*Task directions*
In the listing below, the lines starting at the line with "Ich reite den" and ending at the line with "Combo com várias camisas de marca" are to be output verbatim. Images stay out of the copy.

*Record set*
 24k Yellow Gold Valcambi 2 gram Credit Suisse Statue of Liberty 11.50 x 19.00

...

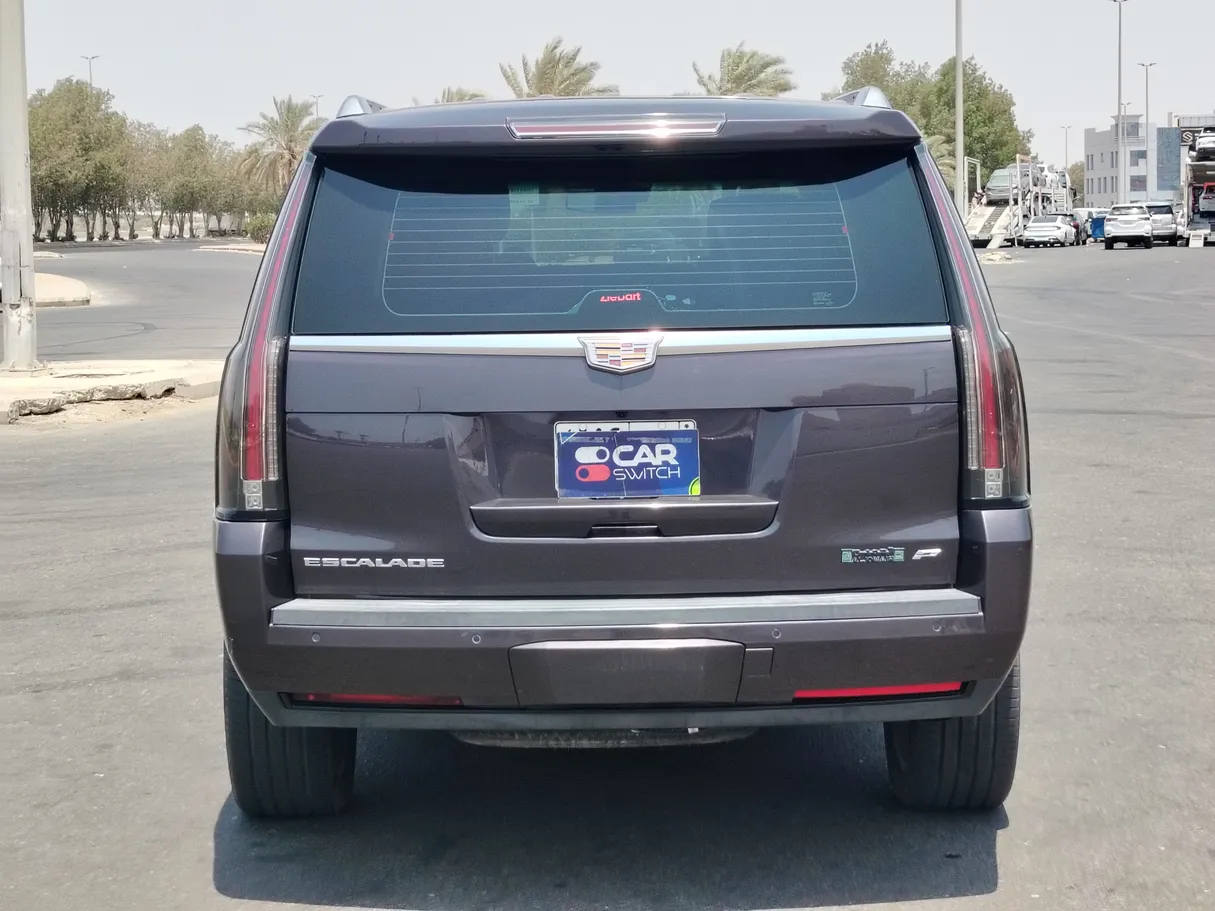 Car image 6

--

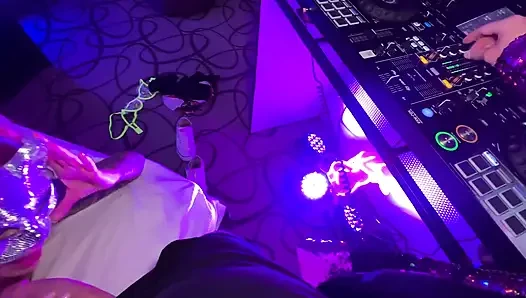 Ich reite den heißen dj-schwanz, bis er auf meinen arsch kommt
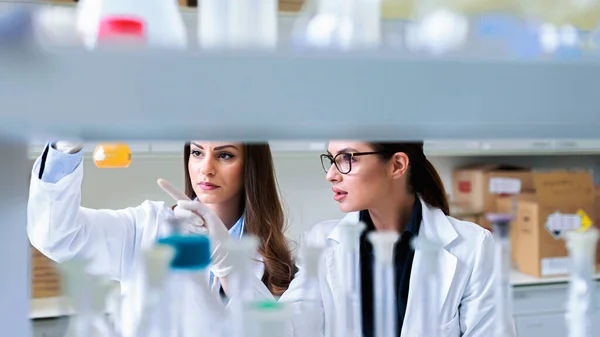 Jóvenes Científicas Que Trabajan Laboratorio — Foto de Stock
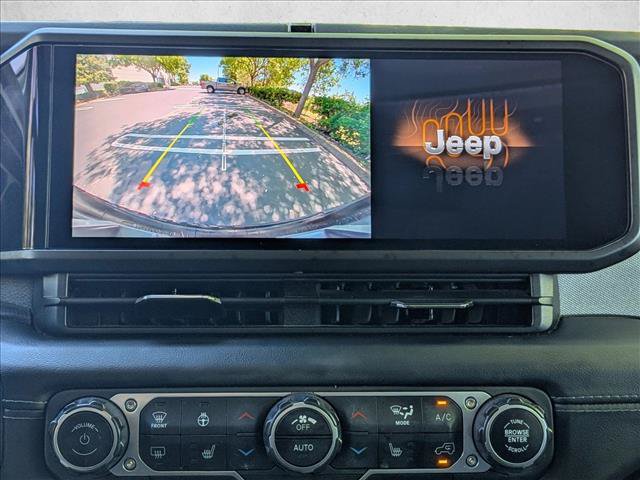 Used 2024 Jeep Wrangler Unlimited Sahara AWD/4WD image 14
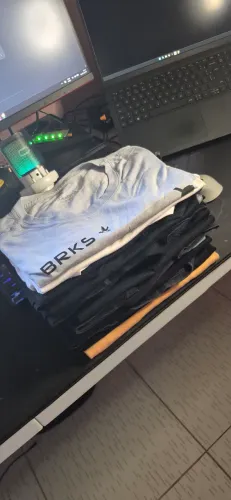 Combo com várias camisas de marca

*Result below*
 Ich reite den heißen dj-schwanz, bis er auf meinen arsch kommt
 Jóvenes Científicas Que Trabajan Laboratorio — Foto de Stock
 Used 2024 Jeep Wrangler Unlimited Sahara AWD/4WD image 14
 Combo com várias camisas de marca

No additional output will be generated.